Tānlan caminaba delante de mí con prisa y tuve que apretar el paso para seguirlo. No disminuyó la velocidad hasta que no atravesamos el último muro que separaba el mundo de los Sangre Negra del mundo de los Sangre Roja.
Para ser jueves, una animación inusual recorría las calles que rodeaban la Torre de Londres. Caminando por ellas, daba la sensación de que la guerra Sangre Roja era algo remoto, casi ajeno a la ciudad. Vi a parejas caminar del brazo, seguidas por carabinas de ojos furtivos, niños Sangre Roja que corrían porque llegaban tarde a casa. También observé varios vehículos caros, que cruzaron la calzada frente a mí a toda velocidad. Carrocerías relucientes, de colores oscuros y elegantes, y tapicerías de piel.
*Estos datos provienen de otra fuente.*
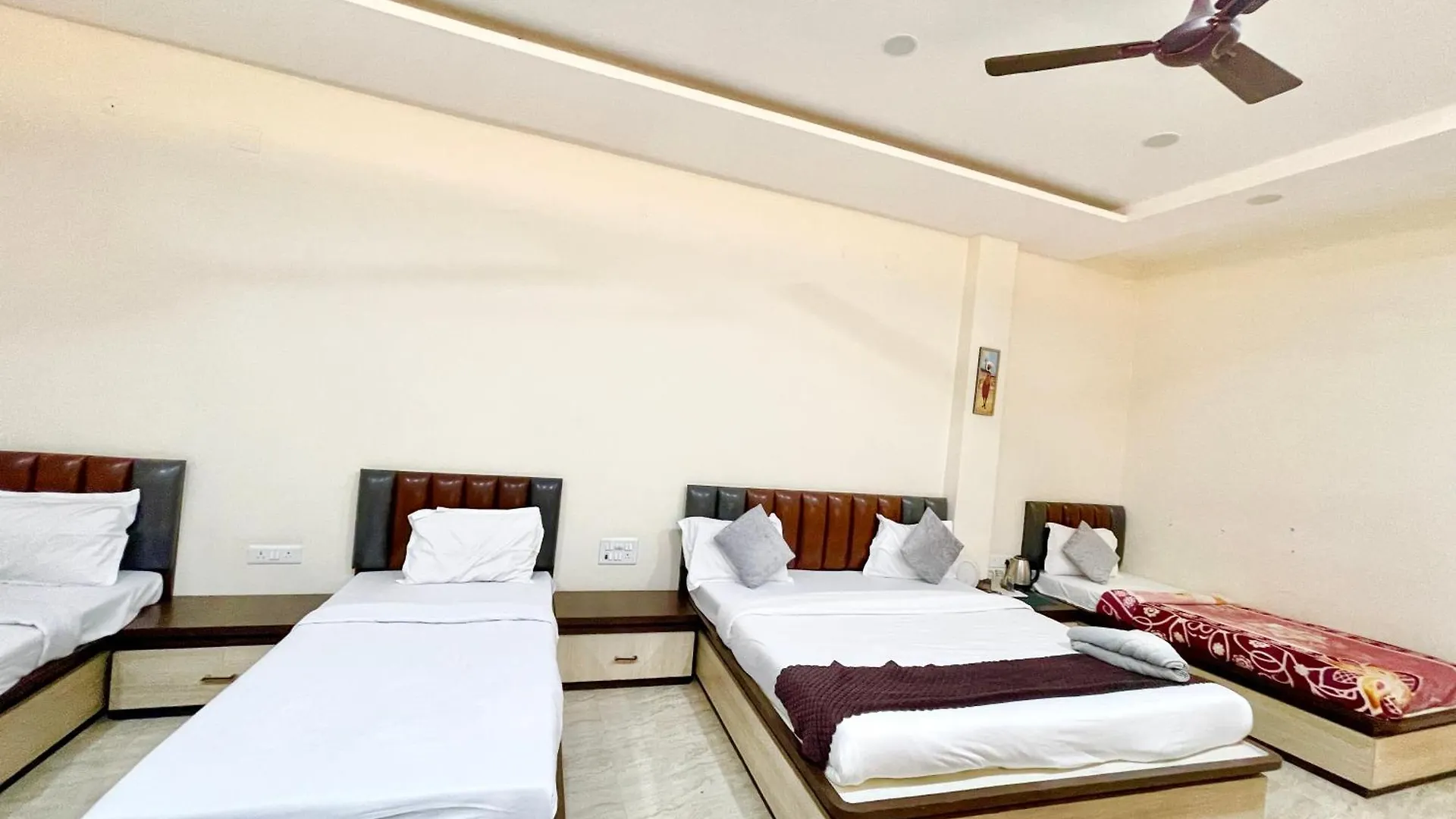 Hotel Akay Guest House ! Varanasi Fully Air Conditioned Room With Free Wifi, Near Shri Kashi Vishwanath Temple And Ganga Ghat India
Durante un instante, me pregunté qué se sentiría al ir en el interior de esos vehículos, pero entonces recordé de golpe unos grandes ojos negros y sacudí la cabeza. No, las familias de larga tradición y las riquezas no me interesaban. Prefería mi pequeña casa familiar, con mis padres y mi hermano Zhang, al que solo le preocupaba comer y ganar al mahjong, pero que proporcionaba más calidez que cualquier chimenea en invierno.
En vez de ir directo a casa, decidí dar un pequeño rodeo y caminar por Upper Thames Street para subir después por King William Street. Hacía una noche agradable y, por una vez, la brisa que llegaba desde el Támesis no olía a podrido. En momentos así, me parecía imposible creer que esa horrible noche hubiese existido, que Emma hubiese dejado de existir en este mundo.
—Otra vez no—me advirtió de pronto Tānlan.
Me volví hacia él, exasperada.
—No he hecho nada.
—Vas a empezar a llorar. Lo veo en tus ojos —replicó, antes de soltar un bufido de hastío.
Los dedos de mi mano izquierda tantearon mi viejo Anillo de Sangre, deseosos de derramar algo de sangre.
—Eres el peor Centinela que un Sangre Negra podría desear —siseé.
—En eso estamos de acuerdo —contestó. Orientó sus cuartos traseros en mi dirección y flexionó las patas para tomar impulso y echar a correr. Sabía que no lo vería hasta que llegase a casa—. Lástima que no lo sea.